I. Choosing Datasets
The first task in this assignment is choosing two interesting classification
datasets, these can be binary or multiclass. The features can be of any
type, and it is recommended that you choose datasets with diverse feature
sets. I don’t care where you get the data from. You can download some,
take some from your own research, or make some up on your own. What I
do care about is that the datasets must be interesting. They should
contain a decent amount of features and a sufficiently large amount of
examples. Do not choose an “easy” dataset, however don’t go crazy either
trying to find the perfect one. Your two datasets should also differ in some
way such that you can compare and contrast your results between the
two. You should also be following standard machine learning practice by
splitting your dataset into training and testing, and only touching the
testing dataset at the very end when you are ready to report results. (Cross
validation is highly recommended).
II. Coding (10%)
After choosing your datasets you will now be tasked with writing code to apply
the machine learning algorithms you have learned about. Your code must be
written in python, but you may use any libraries that have already implemented
the machine learning algorithms (e.g scikit-learn). You are not expected to code
the algorithms from scratch, and in fact I would highly discourage it. What you
may not do is copy code from the internet. Below are the analyses you are
required to run.
1) Run K-means and Hierarchical Clustering on your datasets and analyze
what you observe.
2) Run two dimensionality reduction algorithms (PCA and UMAP) on your
datasets. Observe and analyze the results.
3) Re-run the K-means and Hierarchical Clustering on your dimensionality
reduced datasets and compare the results to part (1).
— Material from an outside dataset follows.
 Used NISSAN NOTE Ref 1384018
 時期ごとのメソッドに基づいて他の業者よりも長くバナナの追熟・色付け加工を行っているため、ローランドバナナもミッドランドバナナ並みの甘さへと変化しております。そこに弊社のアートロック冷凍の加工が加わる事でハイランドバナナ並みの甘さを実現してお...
4) Tune and train two ensemble models (AdaBoost and Random Forests) on
both your original and dimensionality reduced datasets. Compare and
analyze the results.
Your code does not have to be pretty or well written. However, it must be written
in python and I must be able to run one script (main.py) that will produce all the
results and figures in your report.
III. Report (80%)
You will then produce a report describing and analyzing your methods and
results. Here you will describe the datasets you have chosen and why they are
interesting. You will then provide an analysis on how the different machine
learning algorithms performed on each dataset. The report must be limited to 10
pages maximum. Plots and figures are highly recommended. It is up to you
how you wish to demonstrate your understanding of the machine learning
algorithms you have explored, but below I have listed some potential ideas for
analysis and items you may wish to include in the report.
• A description of your two datasets and why you feel that they are interesting.
• Hypotheses on how you believe the learning algorithms will perform on each
dataset and why.
• How you dealt with different features in your datasets? missing data? different
scalings?
• Training and testing error rates you obtained for your various learning
algorithms (some sort of cross validation is highly recommended)
• The effect of hyperparameters on performance
• Comparing and contrasting results between datasets
• Comparing and contrasting results between learning algorithms
• Training and testing error rates as a function of training dataset size
• Timing analysis of how long it takes to train/test each algorithm
• Conclusions
• Ideas for future analyses
• What you may have done differently
• References
You are NOT being graded on how well the algorithms perform on your datasets.
What is most important is WHY? You should be explaining and justifying all of
your figures and results, and demonstrating that you understand the intricate
details of the machine learning process, and the machine leaning algorithms you
are using.
IV. Presentation (10%)
Finally you will give a maximum 7 minute presentation of your results (You will be
cut off exactly at the 7 minute mark). In this presentation you will describe your
datasets, your methods, and any interesting results you found!
What to turn in?
Below is a list of items you will be required to turn in via canvas. Please make
sure all documents are named as described bellow.
• report.pdf – Your maximum 10 page report in pdf format. Do not use super
tiny or large font. No specific formatting is required but use common sense.
• presentation.pptx or presentation.key – Your presentation slides either in a
powerpoint or keynote document.
• code.zip – A zip file with all of the code you have written. Within the folder
there should a file called README.txt that contains instructions on how to run
your code, and a python file called main.py that will produce all figures and
plots in your report/presentation. I should be able to reproduce your results
easily.
• data.zip – A zip file that contains the two datasets you have chosen.
Grading
You are being scored on your analysis more than anything else. Roughly
speaking, implementing everything and getting it to run is worth very little for
this assignment. Of course though, analysis without proof of working code
makes the analysis suspect. The key thing is that your explanations should be
both thorough and concise, and your analysis should prove to me you have a
deep understanding of the machine learning process and the machine learning
algorithms you are using.